He visto como al escurrirse las gotas de lluvia en las
ventanas, de pronto chocan unas con otras, se absorben, de ser dos se convierten
en una gotota fuerte que corre más rápido, al final puede hacerse más grande o
simplemente colisionar en la base y partirse de nuevo en un montón de gotitas
evaporables en segundos…
Me enamoré una vez y cuando lo recuerdo me gusta mirar el
agua, aunque sea mineral con brandy barato en un vaso desechable… Imagino que yo era una
gotita lenta, escurriéndose por un cristal enorme que llamamos vida.
Tenía 17 años, y de verdad que jamás había ni siquiera besado a otro ser humano, de todo tenía miedo, como un perrillo de esos chihuahueños, nomás que yo no temblaba todo el día.
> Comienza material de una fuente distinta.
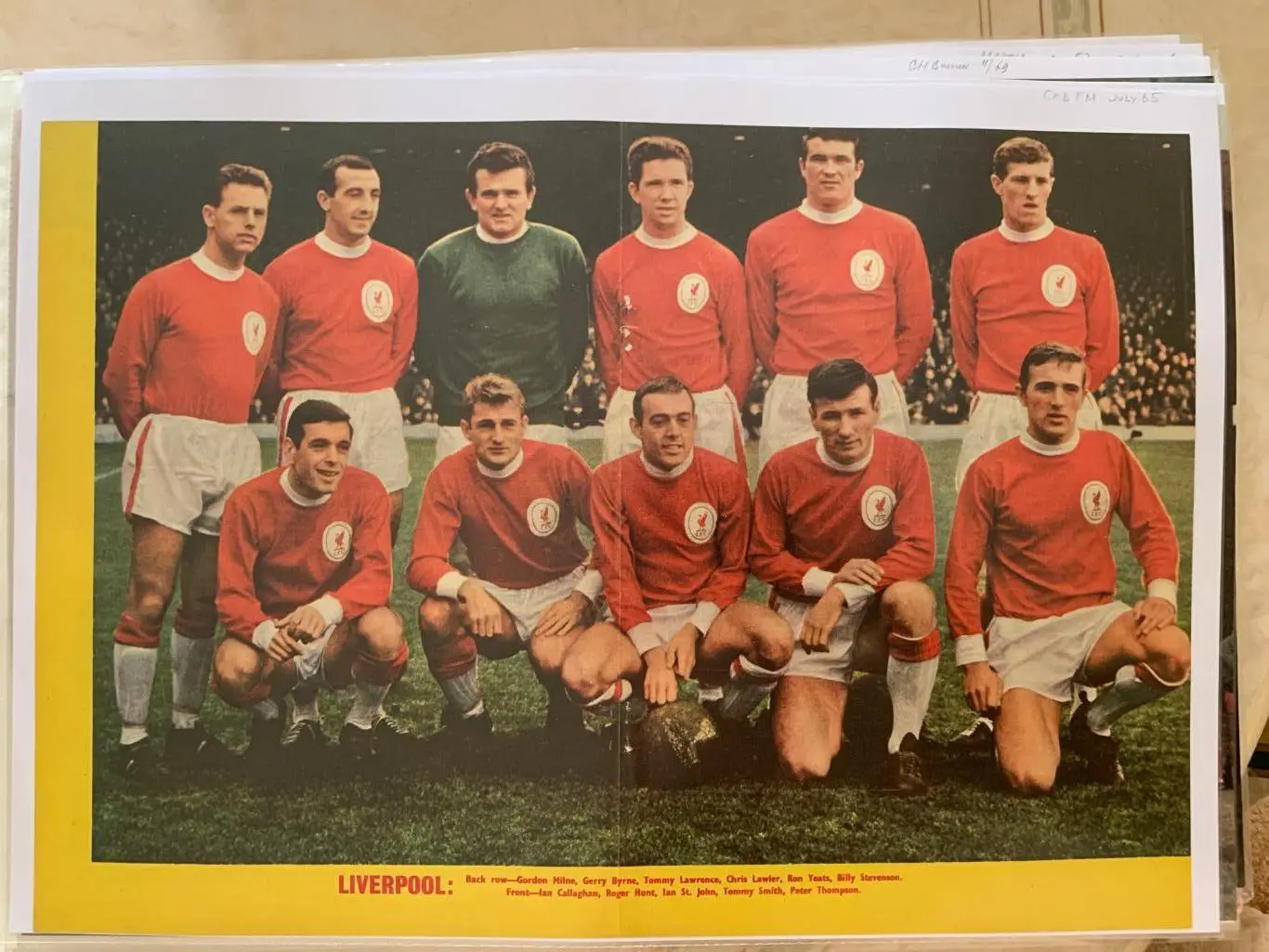 Ливерпуль 8 команд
Me daba miedo hasta levantarme en las mañanas y encontrarme con mi madre, siempre tenía algo nuevo que reprochar y yo siempre tenía una nueva fantasía de una muerte dolorosa en su contra.
A veces incluso hacía cosas que me dañaran mientras desarrollaba tareas que ella me encomendaba, en una ocasión recuerdo que cuando me pidió sacar de la parte de hasta arriba de su closet las cobijotas esas pesadísimas para el frío, a propósito me dejé caer de la silla y no metí las manos, vaya que me dolió encabronadamente la rotura de hocico; pero eso la hacía sentir culpable y yo ahí encontraba mi satisfacción, si no podía vivir vistiendo como soñaba, escuchando la música que quería sin oír reproches, salir los fines de semana (aunque fuera) con mis amigos de la escuela, dejar de ir a misa los domingos a que me pellizcaran cada que no que me quería hincar o mirarle a los ojos directo y decirle sin temor a recibir un moquetazo certero a la jeta – Mamá, me gustan los niños-. Ella tendría que sufrir a causa de mis males, tenía que sentirse culpable de alguna manera por ser una carcelera egoísta…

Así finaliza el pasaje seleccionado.